Ao final do regime, um terço da economia brasileira se encontrava, de uma forma ou de outra, sob o comando ou sob a influência do Estado, direta ou indiretamente, com centenas de empresas estatais dominando o volume de investimentos produtivos; praticamente 95% da oferta interna era inteiramente “made in Brasil”, e o coeficiente de abertura externa era um dos mais baixos na média mundial das economias de mercado. Esse foi o regime militar “de direita”, que, a despeito da doutrina oficial, mantinha diversas divergências com o principal líder do bloco mundial anticomunista, e não apenas no plano da política externa, dado o alegado terceiro-mundismo da sua diplomacia.
No plano interno, a alegada influência de “esquerdistas” no quarto mandato dos generais desse regime “de direita” motivou, em 1977, uma tentativa de golpe de Estado dentro do golpe militar: a do general Sylvio Frota, ministro do Exército, contra o seu chefe, o presidente “prussiano” Ernesto Geisel.
Vinte e um anos após o final do regime militar, ou seja, em 2006, a hegemonia da esquerda parecia completa, com a reeleição praticamente tranquila do seu principal líder, o presidente do país e presidente de honra do Partido dos Trabalhadores. Os companheiros, que partilhavam com os militares a orientação intervencionista e introvertida na economia, se instalaram em praticamente todos os “aparelhos do Estado”, e assim ficaram pelos dez anos seguintes, a despeito de turbulências já no início do quarto mandato do partido, com manifestações de rua a propósito da imensa corrupção revelada pela Operação Lava Jato, também açuladas pela maior recessão da história econômica nacional, com desemprego nas alturas e um déficit excepcional no orçamento público.
Um impeachment foi aprovado, não exatamente pelos crimes orçamentários e contra a Lei de Responsabilidade Fiscal praticados pela mandatária, e mais pelos seus desentendimentos com o corpo congressual, o que motivou um imenso clamor da esquerda, inclusive em nível internacional, a propósito do “golpe” da “direita” praticado contra o regime do PT.

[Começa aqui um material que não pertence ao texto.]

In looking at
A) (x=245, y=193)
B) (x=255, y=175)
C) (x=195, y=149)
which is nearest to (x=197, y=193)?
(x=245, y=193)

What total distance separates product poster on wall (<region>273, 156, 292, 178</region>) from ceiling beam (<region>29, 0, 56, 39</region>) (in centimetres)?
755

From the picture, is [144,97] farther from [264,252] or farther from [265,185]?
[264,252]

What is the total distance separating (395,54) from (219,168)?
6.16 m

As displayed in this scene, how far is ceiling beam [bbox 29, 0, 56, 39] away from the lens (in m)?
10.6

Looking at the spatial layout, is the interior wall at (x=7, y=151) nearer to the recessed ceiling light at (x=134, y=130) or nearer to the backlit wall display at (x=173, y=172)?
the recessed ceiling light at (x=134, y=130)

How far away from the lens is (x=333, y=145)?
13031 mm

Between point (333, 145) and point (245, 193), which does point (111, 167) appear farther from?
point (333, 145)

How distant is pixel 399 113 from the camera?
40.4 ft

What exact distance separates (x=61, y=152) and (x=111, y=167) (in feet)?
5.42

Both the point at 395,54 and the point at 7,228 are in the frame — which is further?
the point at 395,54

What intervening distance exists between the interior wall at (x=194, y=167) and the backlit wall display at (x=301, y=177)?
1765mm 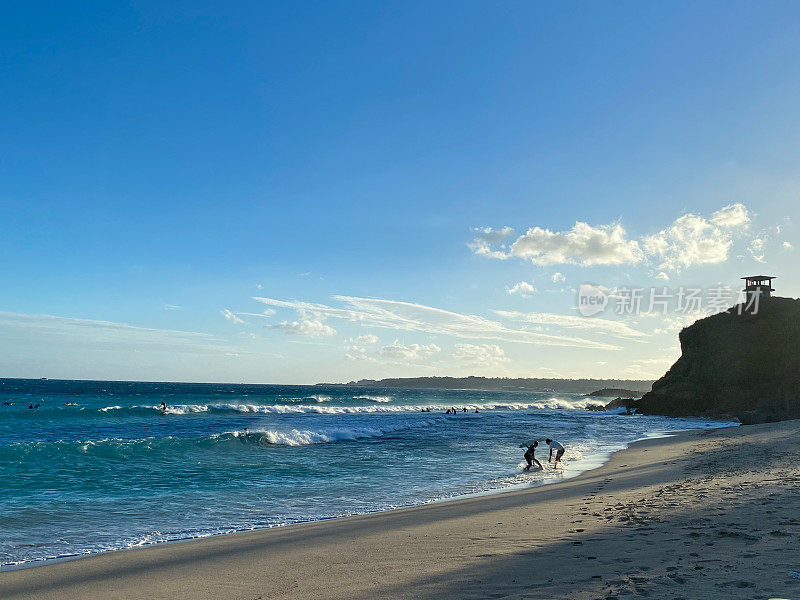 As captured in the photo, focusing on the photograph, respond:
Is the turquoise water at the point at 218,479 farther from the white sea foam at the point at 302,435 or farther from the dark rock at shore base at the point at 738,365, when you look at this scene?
the dark rock at shore base at the point at 738,365

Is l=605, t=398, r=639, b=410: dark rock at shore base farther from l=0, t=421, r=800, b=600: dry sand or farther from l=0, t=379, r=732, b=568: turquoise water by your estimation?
l=0, t=421, r=800, b=600: dry sand

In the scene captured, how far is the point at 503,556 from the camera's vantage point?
24.1 feet

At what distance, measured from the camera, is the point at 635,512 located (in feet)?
32.3

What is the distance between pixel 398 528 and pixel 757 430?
27565 millimetres

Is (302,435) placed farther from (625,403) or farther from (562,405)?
(562,405)

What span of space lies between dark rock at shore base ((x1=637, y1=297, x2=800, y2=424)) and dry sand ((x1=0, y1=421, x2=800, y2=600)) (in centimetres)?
5028

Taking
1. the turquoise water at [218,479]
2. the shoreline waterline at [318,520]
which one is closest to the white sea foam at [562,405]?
the turquoise water at [218,479]

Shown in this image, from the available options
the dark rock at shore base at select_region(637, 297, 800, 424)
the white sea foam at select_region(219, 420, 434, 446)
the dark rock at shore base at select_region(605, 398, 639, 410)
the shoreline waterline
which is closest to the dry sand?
the shoreline waterline

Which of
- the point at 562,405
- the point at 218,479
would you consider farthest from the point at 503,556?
the point at 562,405

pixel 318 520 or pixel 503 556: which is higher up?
pixel 503 556

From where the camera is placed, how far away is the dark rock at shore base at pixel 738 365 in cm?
5478

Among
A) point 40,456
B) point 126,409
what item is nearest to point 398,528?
point 40,456

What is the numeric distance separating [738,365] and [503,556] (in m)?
60.9

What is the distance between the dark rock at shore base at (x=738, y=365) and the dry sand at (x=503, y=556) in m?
50.3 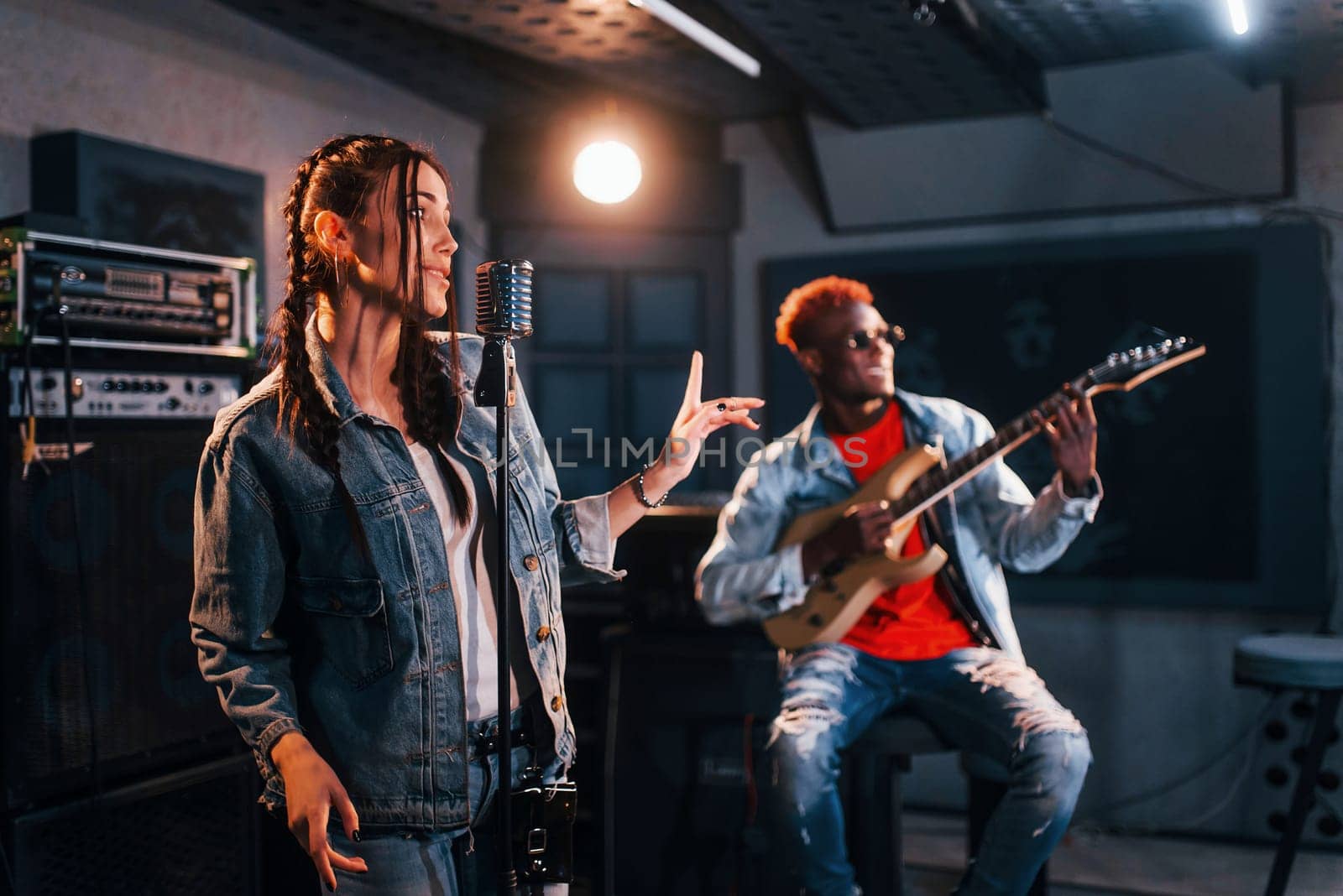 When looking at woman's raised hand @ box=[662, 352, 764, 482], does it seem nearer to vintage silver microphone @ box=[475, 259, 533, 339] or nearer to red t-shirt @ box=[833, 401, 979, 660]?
vintage silver microphone @ box=[475, 259, 533, 339]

O termo “regime” não é despropositado nesse contexto, pois que os três mandatos e meio do partido, entre 2003 e meados de 2016, estiveram efetivamente sob a hegemonia do PT, ainda que este tenha recorrido aos aliados eventuais na direita para garantir a sua base congressual. Tal se deu em meio à promiscuidade que seus principais líderes mantinham com políticos supostamente de direita – o famoso Centrão, um amálgama parlamentar de contornos indefinidos –, como forma de preservar em bases relativamente equilibradas a chantagem recíproca que sempre exerceram um contra o outro o Executivo e o Legislativo.
O Judiciário intervinha pouco na política, nesses tempos de hegemonia da esquerda, ainda que tenha facilitado a fragmentação extrema do sistema político-partidário e induzido o Congresso a aumentar exageradamente a extração predatória dos recursos públicos ao restringir o financiamento privado de campanhas eleitorais. A resposta dos políticos foi a criação do Fundo Eleitoral, ao lado do já lamentável Fundo Partidário, o principal instrumento de criação de partidos de aluguel, uma pletora de legendas sem qualquer base social ou eleitoral, sobrevivendo apenas graças ao cartorialismo da legislação.

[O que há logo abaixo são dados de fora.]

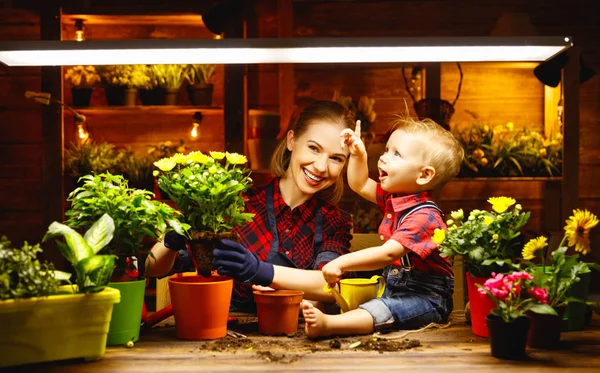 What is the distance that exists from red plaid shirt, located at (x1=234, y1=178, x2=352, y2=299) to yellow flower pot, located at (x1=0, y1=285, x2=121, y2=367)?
2.74 ft

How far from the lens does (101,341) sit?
1.69 meters

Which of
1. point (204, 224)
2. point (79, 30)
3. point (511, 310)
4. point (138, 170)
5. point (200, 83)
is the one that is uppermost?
point (79, 30)

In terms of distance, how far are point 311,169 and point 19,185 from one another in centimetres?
305

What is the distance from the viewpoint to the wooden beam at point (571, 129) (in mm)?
4211

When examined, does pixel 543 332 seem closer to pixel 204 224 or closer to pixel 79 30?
pixel 204 224

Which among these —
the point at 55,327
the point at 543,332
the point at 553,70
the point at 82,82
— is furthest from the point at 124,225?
the point at 553,70

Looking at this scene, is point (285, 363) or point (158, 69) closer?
point (285, 363)

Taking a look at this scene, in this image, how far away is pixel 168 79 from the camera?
429 centimetres

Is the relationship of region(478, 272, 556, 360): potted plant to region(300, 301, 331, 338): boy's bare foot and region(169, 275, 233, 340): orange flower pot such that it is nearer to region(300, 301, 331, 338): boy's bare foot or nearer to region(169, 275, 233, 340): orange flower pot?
region(300, 301, 331, 338): boy's bare foot

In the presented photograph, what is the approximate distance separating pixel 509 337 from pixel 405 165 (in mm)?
650

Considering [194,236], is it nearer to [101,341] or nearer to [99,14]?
[101,341]

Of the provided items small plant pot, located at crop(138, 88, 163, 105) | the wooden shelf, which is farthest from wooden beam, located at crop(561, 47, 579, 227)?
small plant pot, located at crop(138, 88, 163, 105)

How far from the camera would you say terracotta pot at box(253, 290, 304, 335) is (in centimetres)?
192

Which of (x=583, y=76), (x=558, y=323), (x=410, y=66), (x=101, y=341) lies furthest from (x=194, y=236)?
(x=583, y=76) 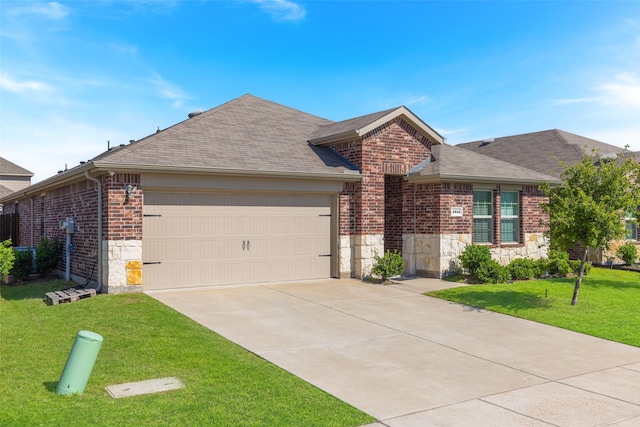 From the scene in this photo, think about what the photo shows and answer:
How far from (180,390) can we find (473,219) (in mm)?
11906

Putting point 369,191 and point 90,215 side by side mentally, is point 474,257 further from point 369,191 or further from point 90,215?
point 90,215

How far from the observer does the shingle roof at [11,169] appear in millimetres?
42866

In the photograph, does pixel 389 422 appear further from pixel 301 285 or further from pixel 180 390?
pixel 301 285

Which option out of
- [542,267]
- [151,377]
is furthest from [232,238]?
[542,267]

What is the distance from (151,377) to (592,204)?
29.8 ft

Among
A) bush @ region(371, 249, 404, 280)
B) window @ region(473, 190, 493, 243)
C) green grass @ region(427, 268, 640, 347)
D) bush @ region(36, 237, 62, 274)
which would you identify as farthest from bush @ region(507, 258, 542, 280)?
bush @ region(36, 237, 62, 274)

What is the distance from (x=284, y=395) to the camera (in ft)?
19.9

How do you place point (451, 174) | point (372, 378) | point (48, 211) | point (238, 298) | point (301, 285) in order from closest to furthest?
point (372, 378) < point (238, 298) < point (301, 285) < point (451, 174) < point (48, 211)

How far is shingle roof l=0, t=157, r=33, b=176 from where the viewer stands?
4287 cm

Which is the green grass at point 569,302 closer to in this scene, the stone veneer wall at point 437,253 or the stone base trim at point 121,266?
the stone veneer wall at point 437,253

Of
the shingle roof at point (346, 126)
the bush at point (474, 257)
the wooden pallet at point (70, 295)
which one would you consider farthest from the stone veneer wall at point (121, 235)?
the bush at point (474, 257)

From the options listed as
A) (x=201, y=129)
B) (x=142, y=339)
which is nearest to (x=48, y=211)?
(x=201, y=129)

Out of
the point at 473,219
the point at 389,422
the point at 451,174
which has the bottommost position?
the point at 389,422

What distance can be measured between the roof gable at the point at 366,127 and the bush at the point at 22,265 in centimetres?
911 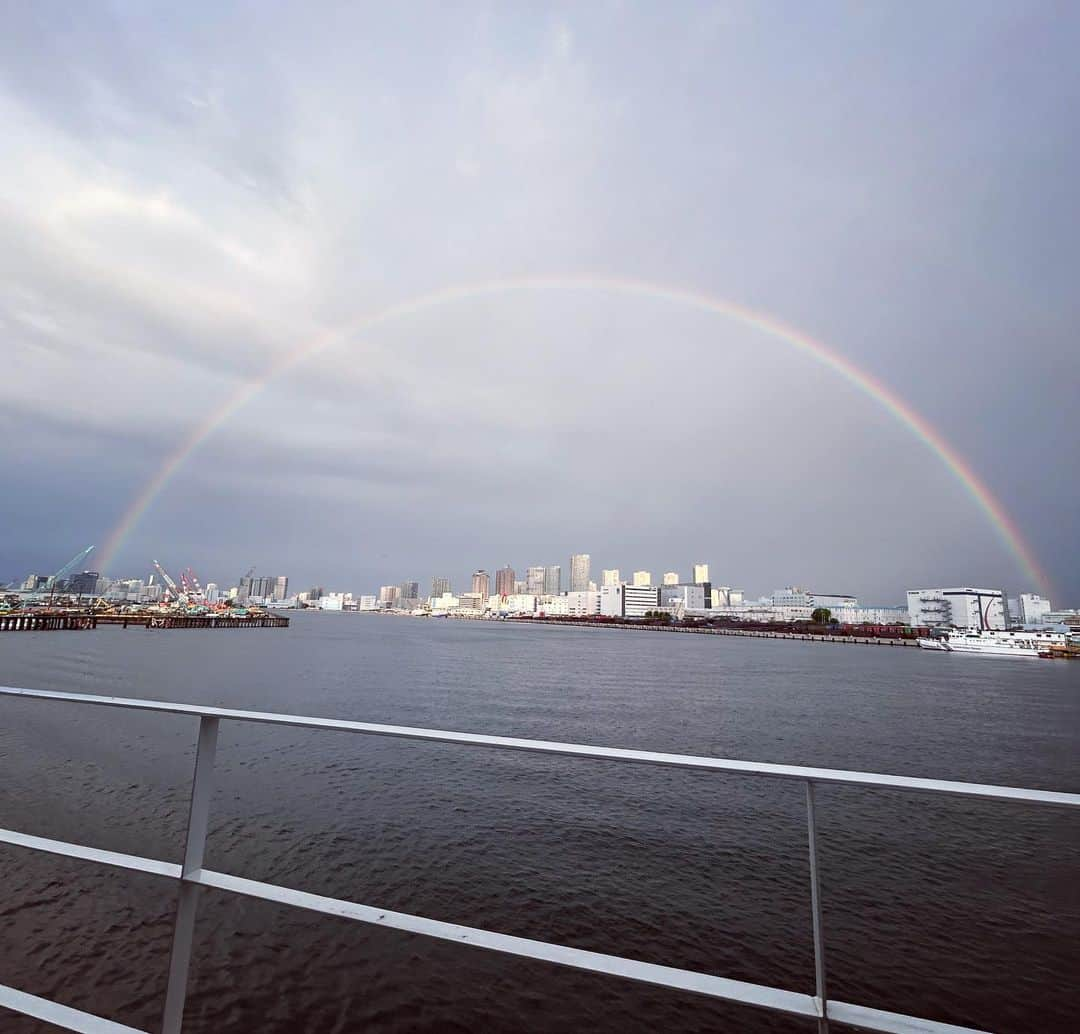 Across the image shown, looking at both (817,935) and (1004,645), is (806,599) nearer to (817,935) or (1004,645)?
(1004,645)

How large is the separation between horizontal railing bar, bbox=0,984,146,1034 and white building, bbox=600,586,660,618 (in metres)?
191

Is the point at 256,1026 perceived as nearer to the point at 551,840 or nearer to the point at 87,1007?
the point at 87,1007

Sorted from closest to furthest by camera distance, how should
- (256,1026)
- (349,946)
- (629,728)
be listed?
(256,1026) < (349,946) < (629,728)

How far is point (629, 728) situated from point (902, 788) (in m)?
17.2

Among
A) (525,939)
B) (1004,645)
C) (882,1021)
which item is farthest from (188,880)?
(1004,645)

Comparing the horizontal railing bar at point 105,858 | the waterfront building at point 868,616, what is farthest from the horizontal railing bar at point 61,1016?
the waterfront building at point 868,616

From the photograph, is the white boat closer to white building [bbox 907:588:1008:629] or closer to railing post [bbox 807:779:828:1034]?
white building [bbox 907:588:1008:629]

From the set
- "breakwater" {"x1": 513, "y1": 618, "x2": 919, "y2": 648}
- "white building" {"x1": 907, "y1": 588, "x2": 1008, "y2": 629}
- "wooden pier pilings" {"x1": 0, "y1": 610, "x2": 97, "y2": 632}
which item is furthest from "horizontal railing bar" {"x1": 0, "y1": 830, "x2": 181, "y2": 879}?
"white building" {"x1": 907, "y1": 588, "x2": 1008, "y2": 629}

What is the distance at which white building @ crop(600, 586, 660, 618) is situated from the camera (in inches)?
7510

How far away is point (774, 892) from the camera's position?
7352mm

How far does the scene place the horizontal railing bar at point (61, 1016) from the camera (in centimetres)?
159

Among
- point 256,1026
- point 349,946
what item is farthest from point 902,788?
point 349,946

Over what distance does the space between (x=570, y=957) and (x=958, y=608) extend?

Vinte anos depois da ascensão ao poder das forças de esquerda e seis anos após sua derrocada pelo “golpe parlamentar” do impeachment, a hegemonia política parece ter retornado a estas últimas, pelo menos no plano presidencial. Mas, as eleições para o corpo congressual parecem ter assegurado um predomínio da direita e mesmo da extrema-direita. Esta é a suposição contida no subtítulo deste ensaio, sugerida pelo editor desta revista, ainda que seu autor não partilhe inteiramente dos fundamentos de tal argumento, o que é revelado pelo seu título, alusivo a um famoso mito sobre a abertura de uma caixa misteriosa contendo todo tipo de boas e, sobretudo, más surpresas.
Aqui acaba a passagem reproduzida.